@Massada
« Il dînait vite au réfectoire d’entreprise en lisant l’article de tête du journal, qui disait toujours de la même voix administrative que l’on était en marche, en plein progrès, en plein essor, incomparablement, victorieusement, malgré tout, pour la grandeur de la république, le bonheur des masses laborieuses, témoin les deux cent dix usines ouvertes en un an, l’éclatant succès du stockage des céréales et...
»Mais moi, se dit un jour Romachkine en avalant sa dernière cuillerée de semoule froide, je pressure la misère.«
Les chiffres l’attestaient. Il perdit sa tranquillité. Tout le mal vient de ce que l’on pense, ou plutôt de ce qu’il y a en vous un être qui pense à votre insu, puis tout à coup émet dans le silence du cerveau une petite phrase acide, insupportable, après laquelle on ne peut plus vivre comme auparavant. Romachkine fut terrifié de cette double découverte : qu’il pensait et que les journaux mentaient. »
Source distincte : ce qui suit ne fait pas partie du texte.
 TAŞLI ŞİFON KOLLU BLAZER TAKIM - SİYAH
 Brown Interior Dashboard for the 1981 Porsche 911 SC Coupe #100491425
Un extrait de « l’affaire Toulaïev », de Victor Serge. Un aparatchick né à Paris, de descendance Russe, et filant en Russie dés le début de la révolution...Ce livre est un chef d’oeuvre, retraçant le fonctionnement de la machine soviétique, et dénonçant les purges aberrantes, alors qu’en France, la plupart des intellectuels endoctrinés, refusaient de voir la réalité d’un régime totalitaire. Membre de l’opposition de gauche animée par Léon Trotski, Victor Serge dénonce la dégénérescence stalinienne de l’État soviétique et de l’Internationale communiste et ses conséquences désastreuses, notamment pour la révolution chinoise de 1927. En 1928, il est exclu du PCUS pour « activités fractionnelles ». Il est placé sous surveillance et sa situation matérielle se dégrade.
Victor Serge interné au goulag et sera libéré après une campagne internationale. Exilé au Mexique, il mourra isolé, malade et encore très jeune.